IDR-1018 has in vitro immunomodulatory effects on macrophages. RAW264.7 macrophages were treated with the indicated concentrations of IDR-1018 45 minutes before stimulation with (A–C) 2 × 107 CFU/mL heat-killed S aureus; (D–F) ultrapure LPS at 10 ng/mL; or (G–I) ultrapure LPS at the indicated concentrations. Control wells received 40 μL of sterile water as vehicle controls for IDR-1018 and LPS. Cytokines and MCP-1 were measured by enzyme-linked immunosorbent assay in the culture media after 24-hour incubation. #p < 0.05 compared with control group without IDR-1018 and without other stimulus (A–F). *p < 0.05 compared with control group without IDR-1018 but with either S aureus (A–C) or LPS (D–F). ¶p < 0.05 for overall effect of IDR-1018 (20 or 200 μg/mL; G–I). For data sets that were normally distributed and were of equal variance (white symbols in A and C, gray symbols in D, and black symbols in A), statistical analysis was by one-way ANOVA followed by Bonferroni versus control, post hoc tests. Otherwise, statistical analysis was by nonparametric Kruskal-Wallis ANOVA followed by Dunnett versus control, post hoc tests (white symbols in B, gray symbols in E and F, and black symbols in B–F) or by van Elteren’s two-way tests (G–I). For A−F, n = 3 culture wells in each group; for G–I, n = 4 culture wells in each group. All results are representative of three to four experiments of each type and are reported as means ± SD.

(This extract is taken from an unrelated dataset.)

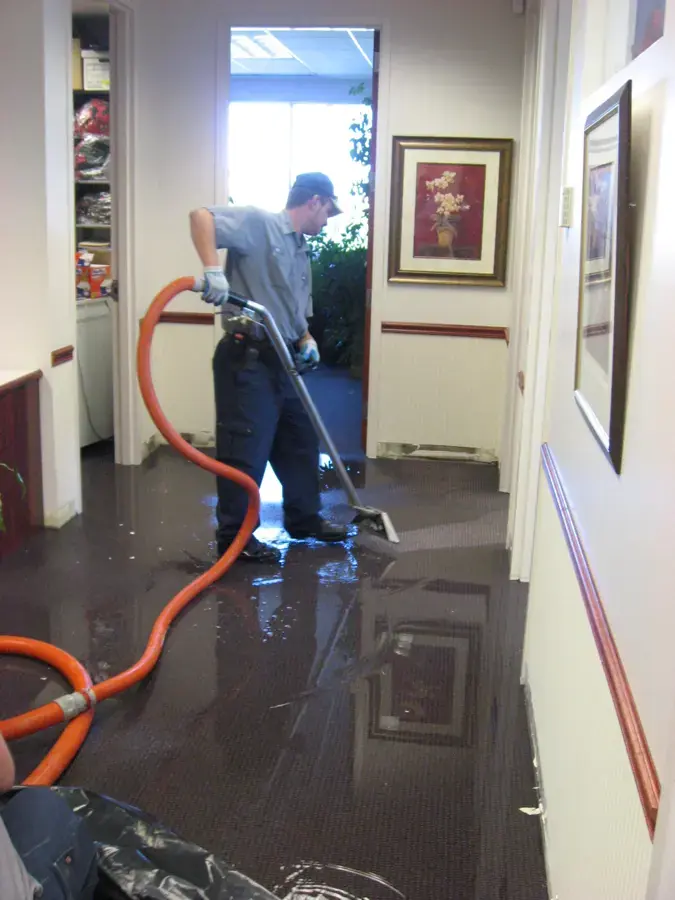 Technician extracting standing water from a hallway floor in Federal Way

The in vivo immunomodulatory effects of IDR-1018 were best observed at an early time point when higher levels of cytokines, chemokines, and macrophage recruitment occur (Fig. 1A). Thus, 1 day postimplantation, IDR-1018 enhanced recruitment of macrophages to the infected implant site by 40% (p = 0.036) without affecting macrophage levels at the contralateral femur (Fig. 3A–B). Consistent with the in vitro effects of IDR-1018 (Fig. 2), there was a 60% (p = 0.006) decrease in TNF-α level 1 day postimplantation (Fig. 3C), although there was no significant difference with the available number of samples in levels of MCP-1, IL-6, or IL-1β 1 day postimplantation (Fig. 3D–F). The levels of MCP-1 and the proinflammatory cytokines were relatively low on Day 15 and were unaffected by IDR-1018 (Fig. 3G–J).

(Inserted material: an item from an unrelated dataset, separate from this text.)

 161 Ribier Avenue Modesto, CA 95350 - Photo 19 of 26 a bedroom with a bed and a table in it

IDR-1018 has in vivo immunomodulatory effects. IDR-1018 or saline was injected intraperitoneally 4 hours before and 24 and 48 hours after insertion of implants with adherent S aureus-Xen36. (A–B) Macrophage recruitment was measured by fluorescence imaging 1 day postimplantation. MCP-1, TNF-α, IL-6, and IL-1β were measured in the surrounding bones on (C–F) Day 1 or (G–J) Day 15 postimplantation. All data sets were normally distributed and were of equal variance; thus, black bars denote means and statistical analysis was performed using t-tests. For A and C–J, n = 9–11 mice per group; for B, n = 5 mice per group. NS = nonsignificant; FLI = fluorescence imaging.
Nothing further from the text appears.